A 100 MWp solar park in Rajasthan or the UAE typically uses more cable tray per MW than any other single building type we supply. The combination of inter-row DC string routing, inverter station AC runs and the MV cable path from inverter to grid connection point adds up to several hundred kilometres of cable tray across a large site — all of it outdoors, all of it in the weather for 30 years. Getting the specification right at the procurement stage is worth the extra engineering time. Getting it wrong means accelerated corrosion, overheating cables, or a maintenance access problem that recurs every inspection cycle.
Four distinct cable management zones in a utility-scale PV plant
Each zone has a different cable type, different load, and different environmental exposure. Specify them separately rather than using a single standard section across the site.
- Zone 1 — DC string cables: Module output cables (typically 4 mm² or 6 mm² DC) routed from the string home-run clips on the mounting structure down to the combiner box. These short runs often use the mounting structure purlin as a natural guide; the actual cable tray requirement is minimal — channel tray or clip-mounted conduit at the transition point from the module clip to a conduit or buried duct.
- Zone 2 — DC combiner to inverter: 240 mm² to 400 mm² DC cables from combiner box to the string inverter or central inverter input. These are the heaviest cables on the DC side and need a fully rated perforated tray — typically 400 mm to 600 mm width at the combiner, reducing as cables terminate along the route.
- Zone 3 — Inverter AC output to transformer: Medium-voltage AC cables (33 kV or 11 kV from the LV/MV transformer, or 0.4 kV to 33 kV transformer at the inverter station). These short, high-current runs are often in conduit or armoured cable directly, but where multiple circuits share a common route ladder tray 600 mm to 1200 mm wide is the standard solution.
- Zone 4 — MV cable from transformer to grid-connection switchyard: typically underground or armoured cable direct-buried or in cable duct.
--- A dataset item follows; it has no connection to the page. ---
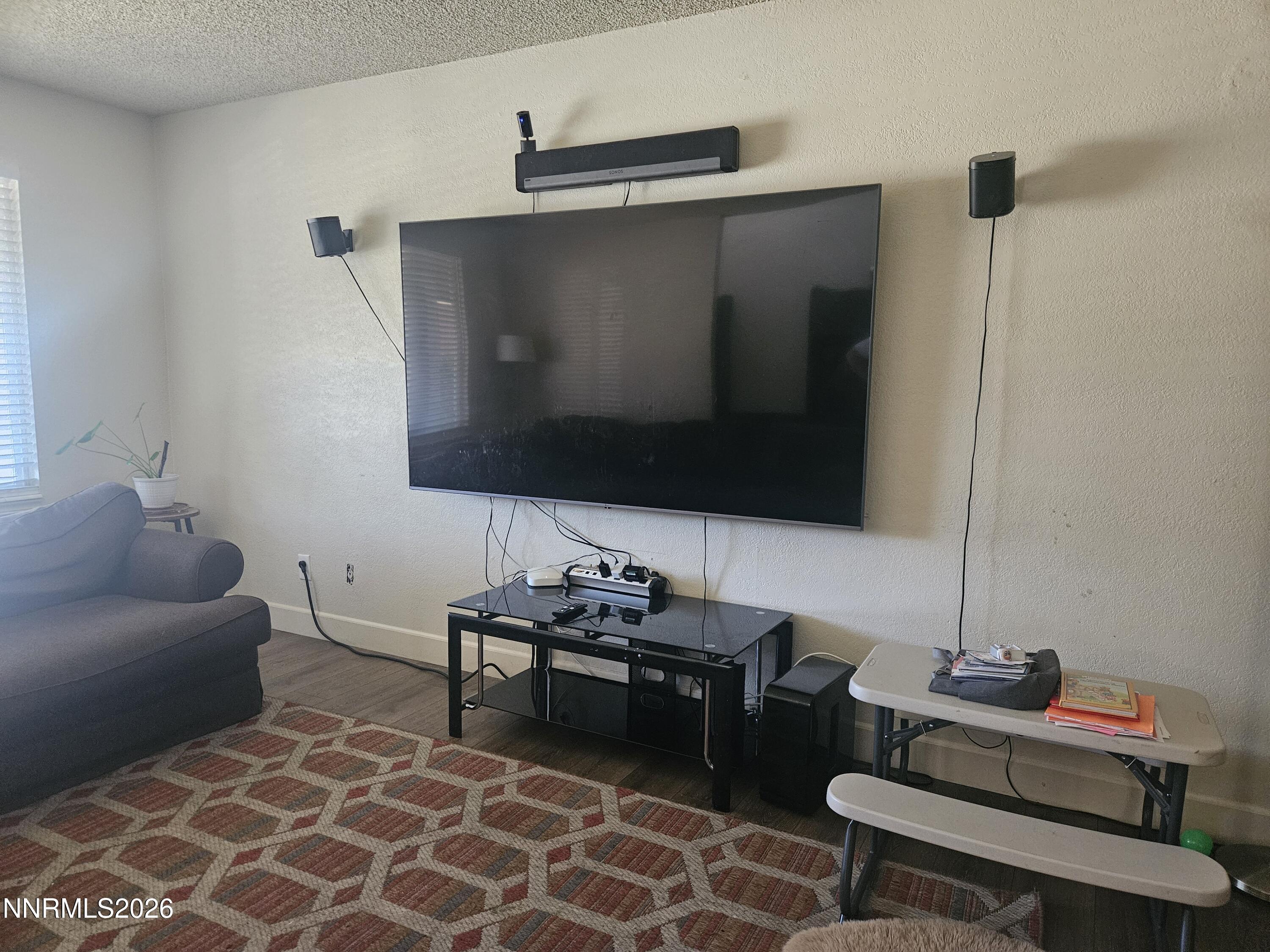 4360 Camino Lindo Way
Above-ground cable tray is used at the cable transition points (from underground to the switchyard enclosure) rather than for the main route.
Finish specification: why pre-galv fails in outdoor solar environments
Solar cable tray sits in direct sun, thermal cycles between 15°C overnight and 65°C at peak metal surface temperature in desert climates, and gets washed by rain or maintenance water-jets annually. In tropical coastal sites (Philippines, Queensland, East Africa), the combination of humidity, salt and UV is aggressive.
Pre-galvanized (GI coil) cable tray — zinc applied before forming, around 20 microns — has bare edges at every cut, punch and mitre. Rust tracking from these edges begins within the first wet season in tropical environments and within three to five years in arid sites exposed to salt haze. A 30-year design-life assumption is incompatible with pre-galvanized tray in outdoor solar installations.
Hot-dip galvanized after fabrication (IS 4759, 65–85 microns) coats every surface including cut edges, punch-holes and welds. This is the only specification that is consistent with a 30-year design intent in outdoor solar environments. Some EPCs substitute this with a zinc-rich paint finish on pre-galv edges in the field — this is an acceptable repair method but not a substitute for the main specification.
Load and support span: the calculation that gets skipped
Perforated tray for Zone 2 DC cable carries substantially more weight than tray in a commercial building: 400 mm² DC cable weighs approximately 6.4 kg/m, and a 600 mm wide tray with a full complement of three parallel circuits carries 19+ kg per metre of tray. At a support span of 1.5 m (a typical driven-pile-to-purlin dimension in a string inverter layout) this is 28 kg of cable load per support point, plus the tray dead weight of 6–8 kg/m.
The cable tray manufacturer needs the cable weight per metre (or the total load per span) and the support spacing to confirm the sheet thickness is adequate. Ordering 'perforated tray 600 mm wide' without this information is a guess. At 1.6 mm sheet thickness, a 600 mm tray at 1.5 m span has a working load around 75 kg per span (IEC 61537 D class); at 2 mm sheet the same tray carries around 110 kg. Confirm which class your cable load requires before ordering.
DC / AC segregation and cable fill limits
IEC 60364-7-712 (solar PV installations) requires DC and AC cables to be physically segregated — in separate tray runs, not in the same duct or tray. This means separate perforated tray for DC string runs and separate for AC inverter output. Budget for two parallel trays on the combiner-to-inverter route if you plan to reuse the same tray corridor for both.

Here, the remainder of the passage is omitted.